The Husband of One Wife?

In discussing the biblical qualifications of pastors, we deal in our Pastoral Ministry course with the phrase "Husband of one wife." Here, I articulate my argument that the phrase speaks to marital fidelity (a "one woman man") rather than a variety of alternative interpretations.

- The husband of one wife – literally “one-woman-man”

--- Various interpretations

----- Catholic: Married to the church; used to defend celibacy

----- Exclusion of Polygamists: Although polygamy was practiced in the ancient world, it was illegal in the Roman Empire, and certainly unacceptable in the church. Though grammatically possible, it seems historically unlikely.

-----Exclusion of Unmarried Men: Not popular; not likely. Paul could have simply said “married” if this is what he intended. Elsewhere (1 Cor 7), he extols the virtues of singleness for the purpose of serving the Lord. Paul himself was unmarried when he wrote this, yet considered himself an elder (cf. 2 Tim 1:6; 1 Tim 4:14). Also, if this means the pastor must be married, then the passage about keeping his children under control must mean that he must have children. This is hardly tenable.

----- Exclusion of Remarried Widowers: Nowhere else in Scripture is this frowned upon (1 Tim 5:14; Rom 7:1-6; 1 Cor 7:39). In response, it may be argued that all these passages address widowed women, while Scripture is silent concerning widowed men. That silence may well be instructive in excluding this interpretation.

----- Exclusion of Divorced Men: One of the most popular views. It is argued that a previous divorce may affect a man’s reputation (3:7). It is also consistent with other passages throughout the NT on divorce (Matt 19:9; Mk 10:11-12; Lk 6:18; 1 Cor 7:10-11; Rom 7:23). Some state that divorce would disqualify a man on other counts as well, such as not ruling his household well (1 Tim 3:4). This may be true, and therefore I would affirm this view with some reservations, but on the basis of 3:4, not 3:2 exclusively.

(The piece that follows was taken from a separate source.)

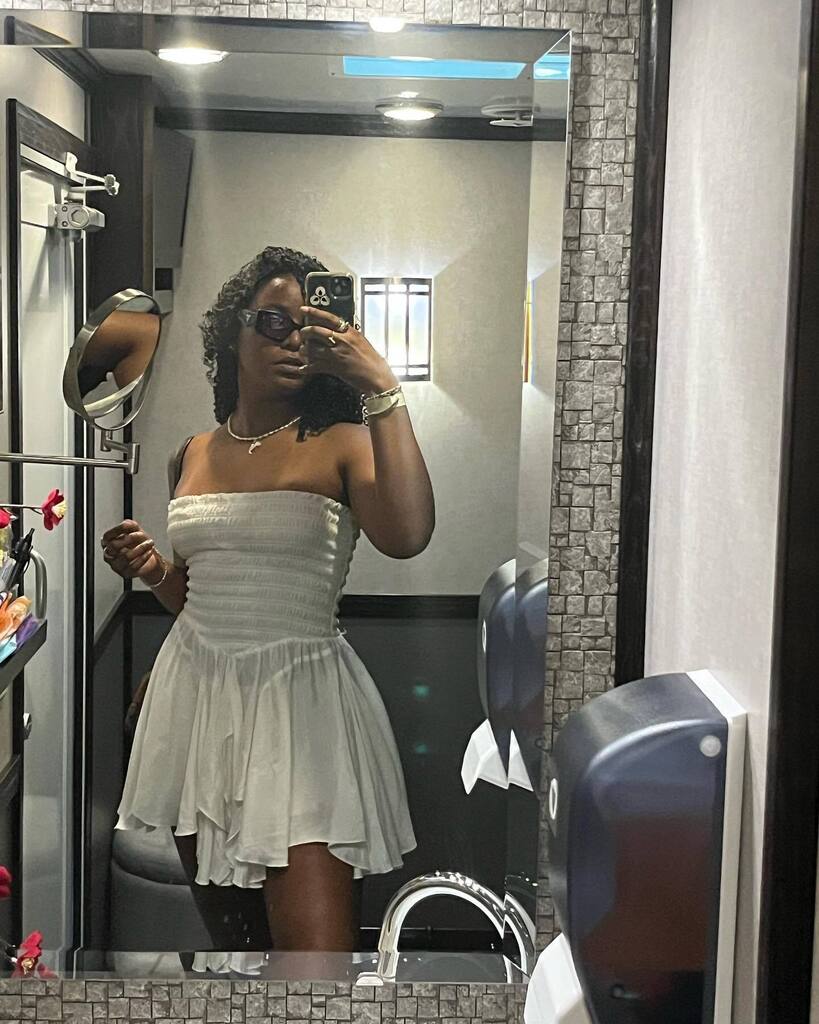 jum4nu's tweet photo. 🙏🏾🤲🏾🧝🏾‍♀️💃🏾🐝🌱🌚🌻🔮 https://t.co/lm9eeIJNXU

I remain convinced that there are clearer ways in Greek to state “never divorced” than “husband of one wife”/“one woman man”. Also, notice that the emphasis in all these qualifications is the man’s present standing, not his past sins. If all his past sins were in view, then (for instance) we would have to interpret the next criteria as meaning that he must have never been intemperate; but we understand that it means that he may have been intemperate in the past, but not now. Note, one variation of this view holds that a pastor may have been divorced, but must have never remarried, unless it was to the original spouse. In general, I think this is sound biblical wisdom for all Christians, but I come short of disqualifying a man for ministry on this basis alone.

----- Marital Fidelity: This is the view I hold. I believe that “one-woman-man” most plainly means that the man, if married, must be completely and unquestionably devoted to his wife. After all, there are plenty of men who are not polygamists, not remarried widowers, and not divorced and/or remarried, but who are not “one-woman-men.” Also, even an unmarried man can be a “one-woman-man” in the sense that he is not a flirtatious womanizer; he is sexually pure as a single man. MacArthur, though he affirms the ideal of an undivorced pastor, also affirms this sense of the expression, saying, “The pastor must have a reputation of being sexually pure. If he is married, he is devoted to his one wife, not scandalized by past mistresses, illegitimate children, or present adulteries. He loves and desires only one woman and has been faithful to her.